Gabon held its most recent national election this week, whereby, following the announcement that President Ali Bongo had won a third term, a group of high-level military officers seized control, citing lack of transparency, credibility and inclusivity in the election process. The military group believes the country to be in a state of political, economic and social crisis, and have seized power in an attempt to “defend peace.” In this current state of conflict, the country’s oil and gas assets – all of which contribute significantly towards Gabon’s economy, providing jobs and opportunities for the population – are at risk.

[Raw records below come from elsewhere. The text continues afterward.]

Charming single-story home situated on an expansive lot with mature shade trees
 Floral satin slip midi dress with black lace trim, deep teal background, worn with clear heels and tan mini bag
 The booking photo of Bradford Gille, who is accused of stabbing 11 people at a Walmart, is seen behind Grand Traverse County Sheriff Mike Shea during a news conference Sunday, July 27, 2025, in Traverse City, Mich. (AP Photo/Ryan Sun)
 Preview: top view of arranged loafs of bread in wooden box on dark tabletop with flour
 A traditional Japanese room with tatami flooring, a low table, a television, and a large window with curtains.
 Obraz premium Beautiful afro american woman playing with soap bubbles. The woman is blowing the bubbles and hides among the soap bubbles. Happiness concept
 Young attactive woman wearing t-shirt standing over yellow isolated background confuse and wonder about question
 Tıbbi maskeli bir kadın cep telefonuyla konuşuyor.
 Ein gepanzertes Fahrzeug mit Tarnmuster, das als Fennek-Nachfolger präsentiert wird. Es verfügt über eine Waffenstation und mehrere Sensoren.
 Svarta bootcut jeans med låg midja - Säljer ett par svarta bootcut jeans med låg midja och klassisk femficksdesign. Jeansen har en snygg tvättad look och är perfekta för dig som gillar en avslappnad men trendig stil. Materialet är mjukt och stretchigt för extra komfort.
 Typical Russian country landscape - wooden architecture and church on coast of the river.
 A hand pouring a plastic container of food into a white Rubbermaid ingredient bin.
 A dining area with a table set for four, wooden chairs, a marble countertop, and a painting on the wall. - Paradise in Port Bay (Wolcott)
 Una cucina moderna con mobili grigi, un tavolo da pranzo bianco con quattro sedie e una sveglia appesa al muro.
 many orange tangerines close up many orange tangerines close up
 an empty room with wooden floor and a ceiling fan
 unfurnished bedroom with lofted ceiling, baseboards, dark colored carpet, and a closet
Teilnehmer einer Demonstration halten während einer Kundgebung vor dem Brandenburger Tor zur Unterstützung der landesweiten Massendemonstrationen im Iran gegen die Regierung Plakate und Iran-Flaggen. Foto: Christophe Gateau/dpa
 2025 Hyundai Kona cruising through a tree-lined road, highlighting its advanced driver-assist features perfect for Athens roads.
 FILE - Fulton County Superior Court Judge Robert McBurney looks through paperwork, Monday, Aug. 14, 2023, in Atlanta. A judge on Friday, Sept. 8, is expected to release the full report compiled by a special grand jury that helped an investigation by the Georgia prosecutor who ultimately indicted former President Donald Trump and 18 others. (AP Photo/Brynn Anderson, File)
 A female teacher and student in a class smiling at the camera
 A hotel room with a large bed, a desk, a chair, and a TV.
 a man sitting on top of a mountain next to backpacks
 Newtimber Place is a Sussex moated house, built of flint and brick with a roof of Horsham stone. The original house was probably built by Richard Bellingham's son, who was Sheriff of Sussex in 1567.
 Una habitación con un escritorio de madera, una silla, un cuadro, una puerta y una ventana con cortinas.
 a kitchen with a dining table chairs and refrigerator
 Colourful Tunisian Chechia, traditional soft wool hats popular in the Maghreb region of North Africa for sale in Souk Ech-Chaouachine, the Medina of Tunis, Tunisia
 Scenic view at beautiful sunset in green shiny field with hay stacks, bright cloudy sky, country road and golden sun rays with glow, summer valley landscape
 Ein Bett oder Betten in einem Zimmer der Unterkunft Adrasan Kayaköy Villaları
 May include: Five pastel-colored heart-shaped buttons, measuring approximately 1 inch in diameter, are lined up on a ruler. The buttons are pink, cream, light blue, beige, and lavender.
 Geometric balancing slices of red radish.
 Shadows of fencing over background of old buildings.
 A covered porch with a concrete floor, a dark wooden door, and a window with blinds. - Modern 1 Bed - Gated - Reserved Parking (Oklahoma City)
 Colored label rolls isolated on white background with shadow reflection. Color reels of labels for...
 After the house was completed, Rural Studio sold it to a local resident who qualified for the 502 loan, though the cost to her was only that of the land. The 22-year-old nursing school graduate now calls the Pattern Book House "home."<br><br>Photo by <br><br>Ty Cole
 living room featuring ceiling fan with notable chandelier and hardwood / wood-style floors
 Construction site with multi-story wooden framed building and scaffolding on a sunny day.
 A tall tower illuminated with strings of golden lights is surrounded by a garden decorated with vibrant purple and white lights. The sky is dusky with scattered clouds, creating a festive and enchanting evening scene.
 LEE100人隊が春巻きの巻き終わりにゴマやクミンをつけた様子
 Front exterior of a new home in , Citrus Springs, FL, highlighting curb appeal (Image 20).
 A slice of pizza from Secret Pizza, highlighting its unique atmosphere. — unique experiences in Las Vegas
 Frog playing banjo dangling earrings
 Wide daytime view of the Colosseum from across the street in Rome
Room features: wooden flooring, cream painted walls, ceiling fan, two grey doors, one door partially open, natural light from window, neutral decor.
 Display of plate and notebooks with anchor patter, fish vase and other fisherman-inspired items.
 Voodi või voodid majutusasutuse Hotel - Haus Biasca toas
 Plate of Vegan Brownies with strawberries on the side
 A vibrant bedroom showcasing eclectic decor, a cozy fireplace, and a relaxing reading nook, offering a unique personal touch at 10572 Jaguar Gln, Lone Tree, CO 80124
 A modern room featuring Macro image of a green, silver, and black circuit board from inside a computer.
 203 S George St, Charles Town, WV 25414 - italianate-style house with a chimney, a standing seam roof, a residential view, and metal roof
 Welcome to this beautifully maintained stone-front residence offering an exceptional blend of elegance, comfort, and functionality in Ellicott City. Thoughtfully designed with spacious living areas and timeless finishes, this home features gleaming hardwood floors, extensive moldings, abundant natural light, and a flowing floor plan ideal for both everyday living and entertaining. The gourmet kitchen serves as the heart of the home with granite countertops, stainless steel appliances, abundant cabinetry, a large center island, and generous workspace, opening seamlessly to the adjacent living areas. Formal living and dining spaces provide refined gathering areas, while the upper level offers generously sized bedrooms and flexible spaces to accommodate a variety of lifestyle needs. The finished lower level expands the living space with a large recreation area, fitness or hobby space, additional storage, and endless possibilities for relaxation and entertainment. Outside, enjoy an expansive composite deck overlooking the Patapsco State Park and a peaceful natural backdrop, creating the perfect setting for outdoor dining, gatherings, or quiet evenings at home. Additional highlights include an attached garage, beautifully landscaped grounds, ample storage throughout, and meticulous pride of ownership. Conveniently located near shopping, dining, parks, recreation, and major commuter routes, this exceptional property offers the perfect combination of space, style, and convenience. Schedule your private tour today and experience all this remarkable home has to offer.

Currently, active oil and gas companies in Gabon have stated that their operations have not been impacted, and that the safety and security of workers is of uttermost priority. These include TotalEnergies, who is prioritizing the safety of employees and operations; Tullow and Perenco, both of which are closely monitoring the situation; Maurel & Prom, stating that all employees are safe; BW Energy, stating that all offshore operations have continued as normal, and many more. However, as tensions mount, concerns are rising that oil and gas activities could be halted.
“At a time such as this, there needs to be assurance from all sides that Gabon’s oil and gas activities will not be impacted. The country needs its hydrocarbons to function, grow and thrive. Any disruptions to oil and gas activities will result in significant challenges for the country, its citizens and its development. As such, the Chamber strongly calls for a collective approach to protecting these assets and ensuring stability and security across this industry,” states NJ Ayuk, Executive Chairman of the AEC.
Gabon’s energy industry is multifaceted, with developments taking place across ever segment of the value chain. Representing a pillar of the country’s economy, oil and gas is responsible for generating income, creating employment and advancing the livelihoods of the population. The country holds two billion barrels of proven oil reserves and 1.2 trillion cubic feet of natural gas, and major projects in the country include the Hibiscus/Ruche development; the Cap Lopez oil terminal and Liquefied Natural Gas facility; the Etame Conventional Oilfield and many more. Protecting these assets should be a top priority, and the Chamber strongly advocates for security regarding Gabonese oil and gas operations.